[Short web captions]
#####

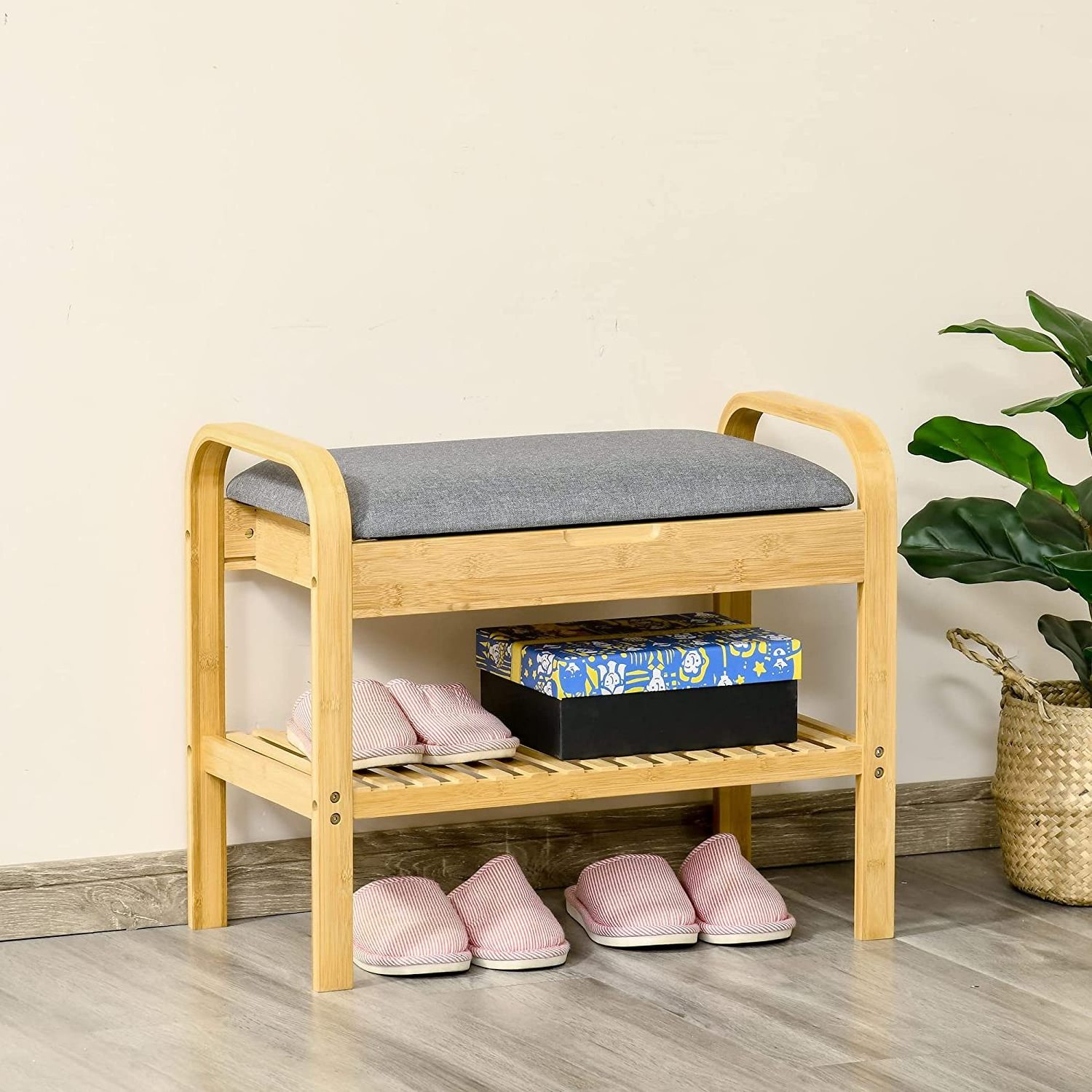 BSCI-FSC Waterproove Shoes Organizer Stand Shelf Natural Bamboo Wooden Tool Bench For Kids Entryway Shoe Organizer Shoe Rack Sta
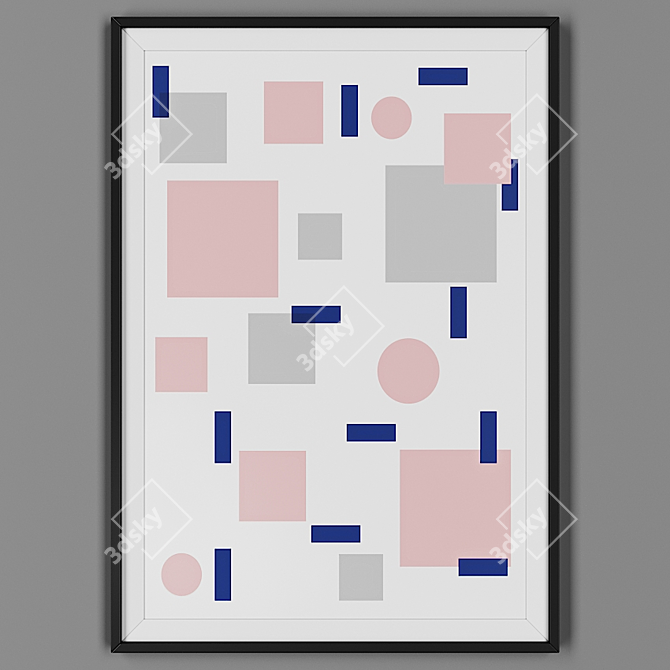 Black Framed Geometric Abstraction 3D model image 1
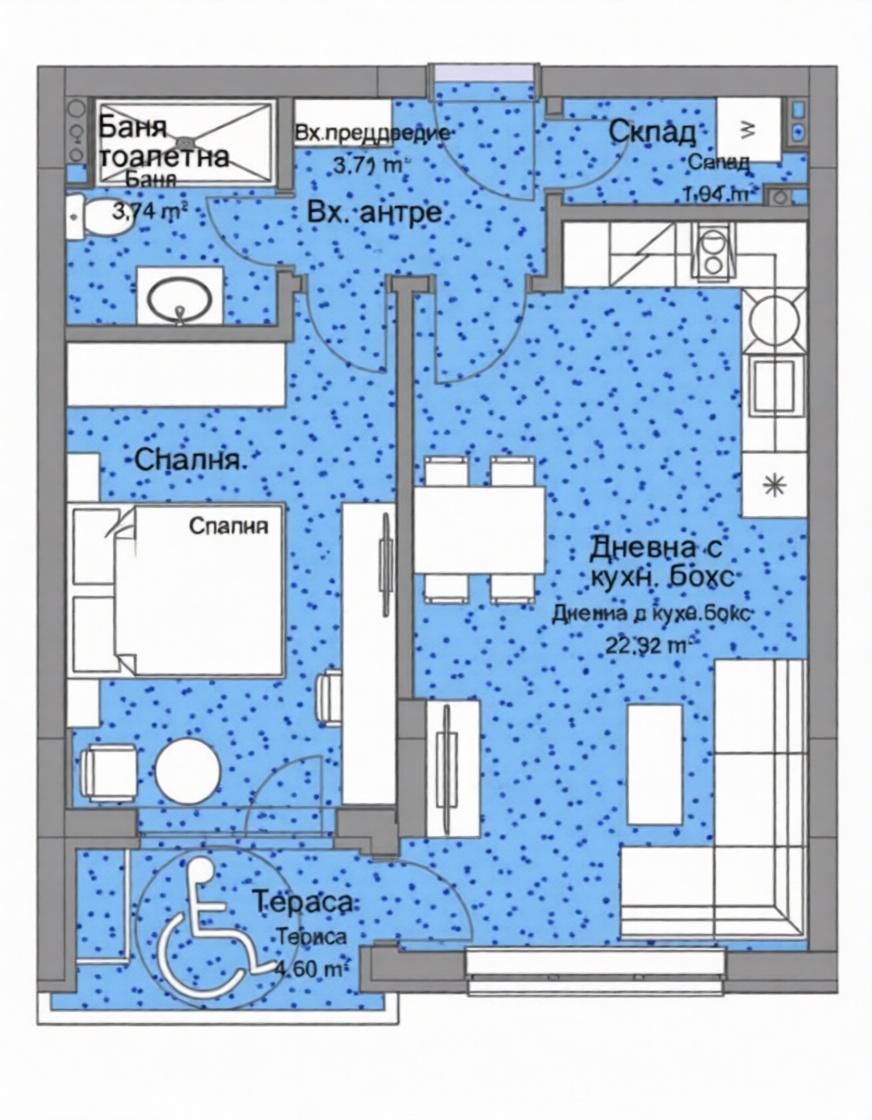 ПРЕД АКТ 14! Двустаен нова сграда - кв. Остромила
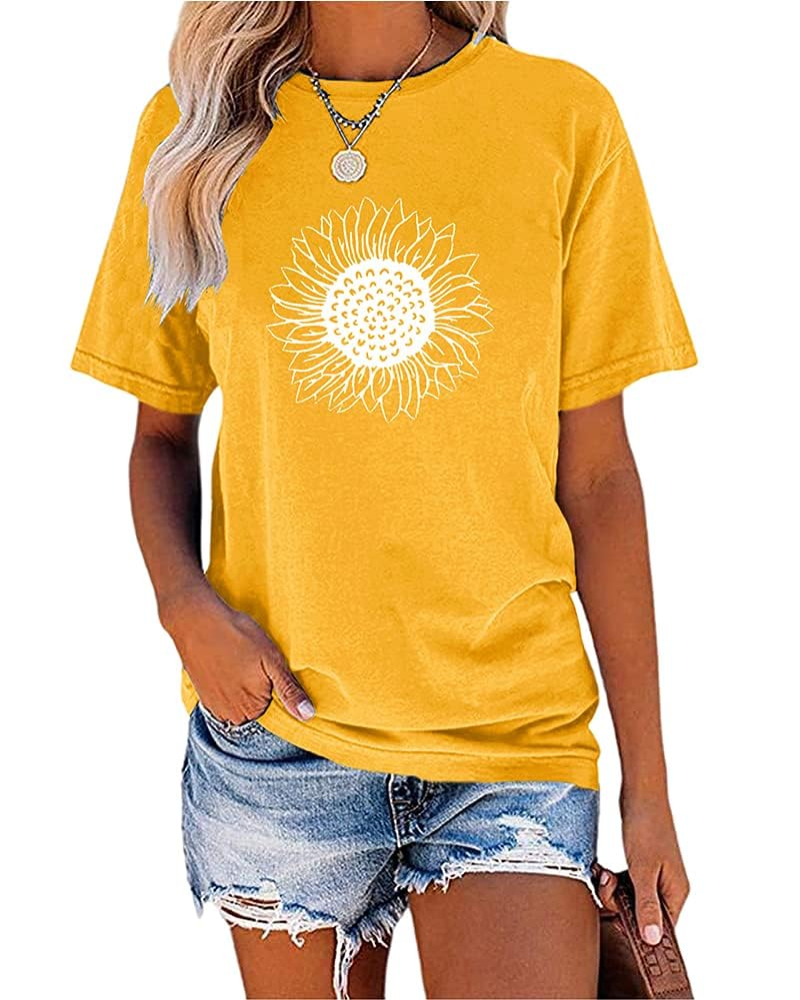 Γυναικείο T-Shirt Maya – Vintage Τοπ με Εκτύπωση Ηλιοτρόπιου, Στρογγυλή Λαιμόκοψη & Γυριστά Μανίκια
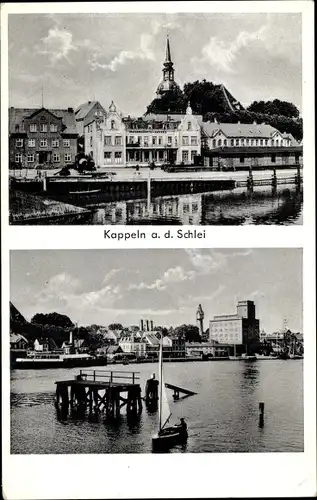 Ak Kappeln an der Schlei, Teilansichten, Promenade, Kirchturm, Boot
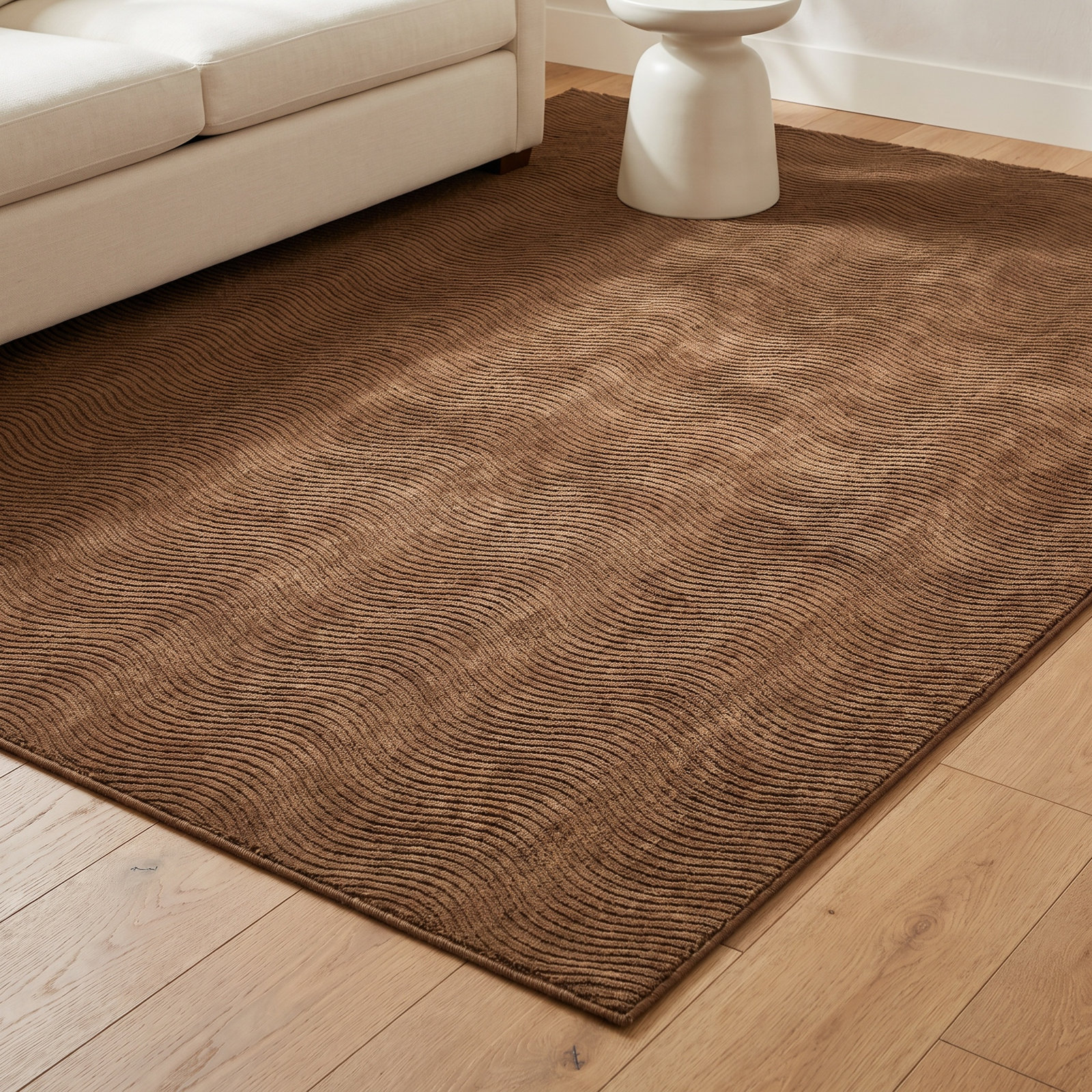 Nadila Mocha Hand-Loomed Geometric Wool Rug, Rectangle 7'10" x 10'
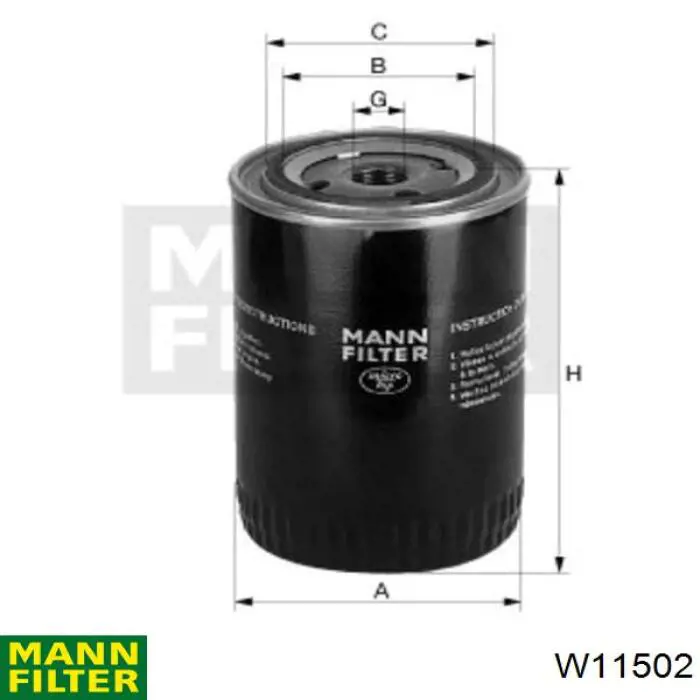 Filtr oleju Mann-Filter W11502 cena, od 10,72 USD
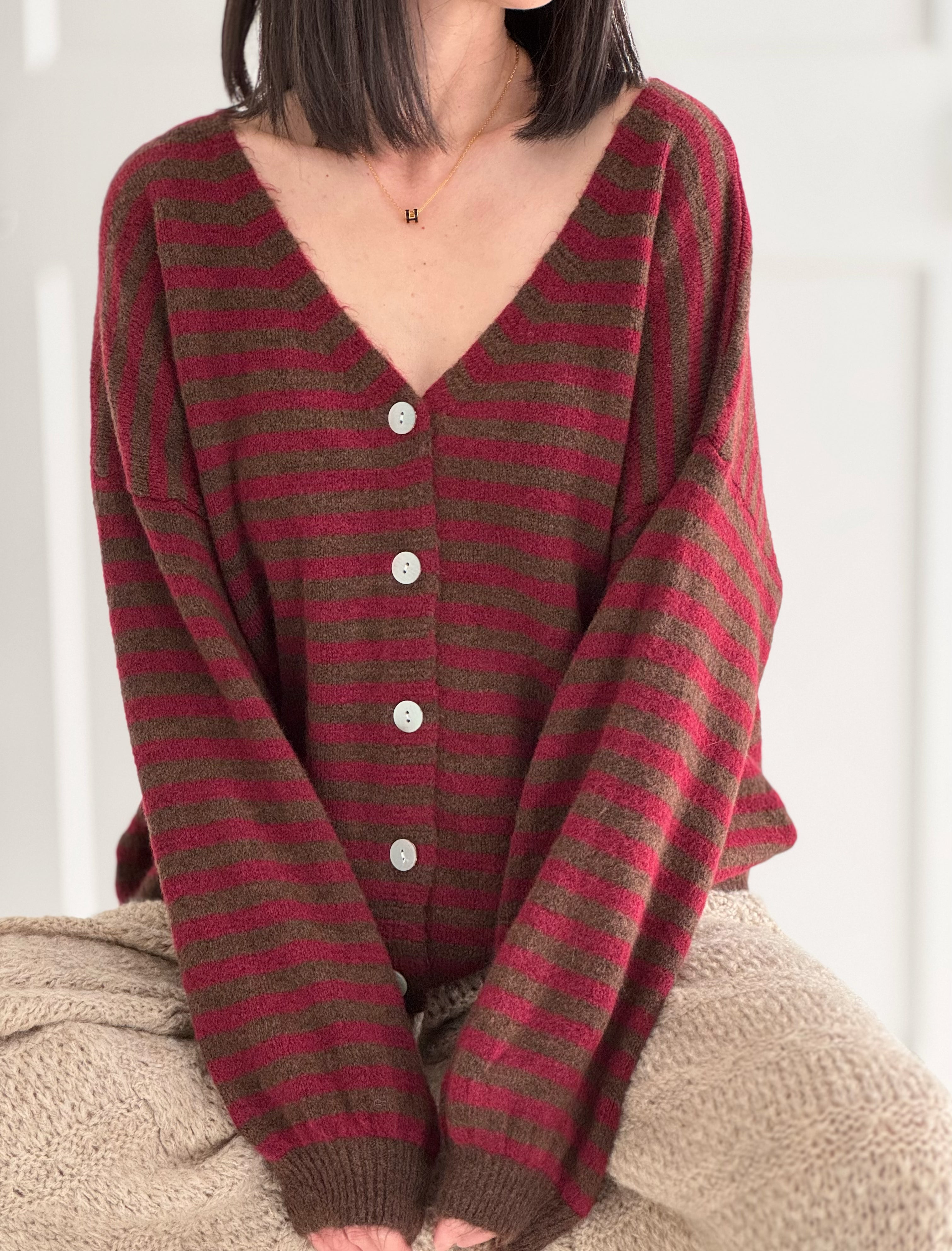 Sigrid™ | Stripete Cardigan med Knapper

#####

Using the records above, copy exactly and only the lines from the line with "Nadila Mocha Hand-Loomed" through the end, both included; leave every picture out.

 Nadila Mocha Hand-Loomed Geometric Wool Rug, Rectangle 7'10" x 10'
 Filtr oleju Mann-Filter W11502 cena, od 10,72 USD
 Sigrid™ | Stripete Cardigan med Knapper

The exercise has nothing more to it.